Upstate, we have this update on the move of Finger Lakes Radio Group's WFLR-FM (95.9 Dundee) to the Ithaca market, as a class A on 95.5 licensed to Odessa: with Dundee translator W245BL (96.9) now on the air and simulcasting WFLR-FM, listeners in the area are being told that "WFLR is moving to 96.9," effective Sept. 1. What will actually play out next weekend, as best we can piece it together, will be WFLR-FM going silent on 95.9 to make its Odessa move - and 96.9 translating WFLR (1570 Dundee), which will flip from its present news-talk format (as part of the Finger Lakes News Network) to the country format now heard on WFLR-FM.

In Syracuse, public broadcaster WCNY is trying some innovative programming on its digital multiplex channels on both radio and TV. On WCNY-DT (Channel 25), they've transformed their 24-3 subchannel from a delayed rebroadcast of the main PBS service to "Cinema 24," a 24-hour service full of classic movies. And on WCNY-FM (91.3), they're playing 50s and 60s oldies on their HD2 subchannel, complete with voicetracks from veteran central New York morning man Bill Baker ("Awake with Bake"), as well as Jack Mindy, Captain John Smith and Pete (McElvaine) McKay. Every night at 11, "WCNY-HD2" is resurrecting an old WOLF (1490) feature, too, presenting "The Sandman Serenade" with Joe McDonough. We're looking forward to checking out WCNY's digital display if we can make it over to the New York State Fair later this week...

And there's good news and bad news from our friends over at WCJW (1140 Warsaw). The good? A power increase to 250 watts on FM translator W279BO (103.7 Warsaw) is giving "CJ Country" greater reach on FM. We heard it clearly Saturday night while watching a Muckdogs baseball game in Batavia, as CJ was carrying a night NASCAR race that it never would have been able to carry in its entirety as a daytime-only AM facility.
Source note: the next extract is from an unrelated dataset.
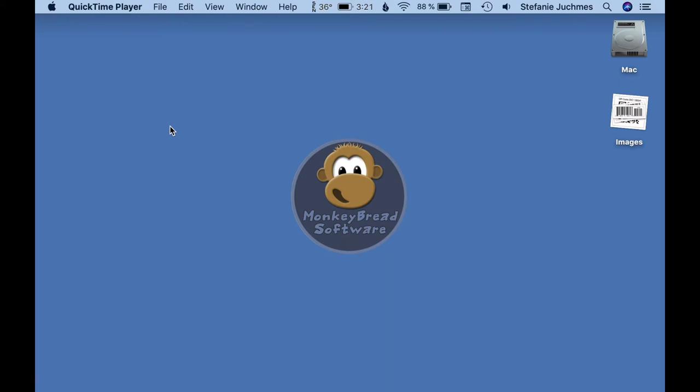Welcome to this video. My name is Stefanie Juchmes and today I would like to introduce you to the topic of barcodes in FileMaker.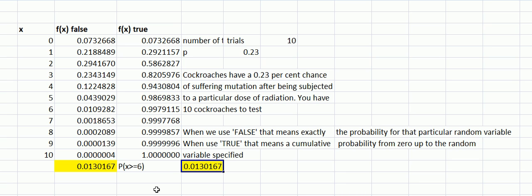We can extend this by, if we wanted the probability of, let's say, 5, 6, and 7, we just subtract either side of those three numbers. So make sure you're clear on the idea between FALSE and TRUE, and recall that TRUE adds up from the left, from zero upwards. Thank you.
The bad news actually came from WBTA's Muckdogs broadcast, as the announcer noted the death on Saturday evening of WCJW news director and mid-morning personality Jenny Snow, who collapsed while doing volunteer work for the Perry Fire Department. Morning man Steve Weber will be serving as acting news director, while owner Lloyd Lane will handle mornings until a replacement for Snow can be hired.

Edited by NERW's own Scott Fybush - on sale now as an e-book or printed volume!

*As we noted up above, NERW's spending Labor Day weekend in western PENNSYLVANIA at the National Radio Club convention, and we'll have a format change to listen to while we're there.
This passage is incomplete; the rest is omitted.